Input for this task:
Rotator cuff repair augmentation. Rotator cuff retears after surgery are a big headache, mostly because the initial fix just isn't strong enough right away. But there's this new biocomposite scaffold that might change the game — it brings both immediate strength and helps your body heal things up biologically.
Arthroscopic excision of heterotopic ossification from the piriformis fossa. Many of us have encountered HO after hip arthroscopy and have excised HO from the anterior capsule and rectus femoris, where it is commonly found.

---

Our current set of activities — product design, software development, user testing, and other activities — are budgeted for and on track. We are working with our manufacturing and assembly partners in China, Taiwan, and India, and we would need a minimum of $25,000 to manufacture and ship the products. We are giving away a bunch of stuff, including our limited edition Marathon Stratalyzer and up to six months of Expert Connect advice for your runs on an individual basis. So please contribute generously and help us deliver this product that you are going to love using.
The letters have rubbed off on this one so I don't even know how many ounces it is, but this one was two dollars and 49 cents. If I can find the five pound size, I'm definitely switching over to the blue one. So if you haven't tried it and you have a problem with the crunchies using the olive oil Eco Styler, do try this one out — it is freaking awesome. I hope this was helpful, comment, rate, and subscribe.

* * *

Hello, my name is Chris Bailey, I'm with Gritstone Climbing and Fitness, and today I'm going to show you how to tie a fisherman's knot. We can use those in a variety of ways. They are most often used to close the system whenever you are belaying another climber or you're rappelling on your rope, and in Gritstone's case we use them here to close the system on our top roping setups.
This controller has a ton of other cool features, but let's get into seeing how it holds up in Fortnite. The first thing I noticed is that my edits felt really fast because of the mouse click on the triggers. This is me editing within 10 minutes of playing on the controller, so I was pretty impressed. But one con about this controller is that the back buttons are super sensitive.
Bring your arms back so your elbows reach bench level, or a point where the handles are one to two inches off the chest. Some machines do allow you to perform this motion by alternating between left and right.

Your task: Of the entries above, repeat exactly the lines between the line with "Our current set" and the line with "The letters have", inclusive, and no others.

Response to this exercise:
Our current set of activities — product design, software development, user testing, and other activities — are budgeted for and on track. We are working with our manufacturing and assembly partners in China, Taiwan, and India, and we would need a minimum of $25,000 to manufacture and ship the products. We are giving away a bunch of stuff, including our limited edition Marathon Stratalyzer and up to six months of Expert Connect advice for your runs on an individual basis. So please contribute generously and help us deliver this product that you are going to love using.
The letters have rubbed off on this one so I don't even know how many ounces it is, but this one was two dollars and 49 cents. If I can find the five pound size, I'm definitely switching over to the blue one. So if you haven't tried it and you have a problem with the crunchies using the olive oil Eco Styler, do try this one out — it is freaking awesome. I hope this was helpful, comment, rate, and subscribe.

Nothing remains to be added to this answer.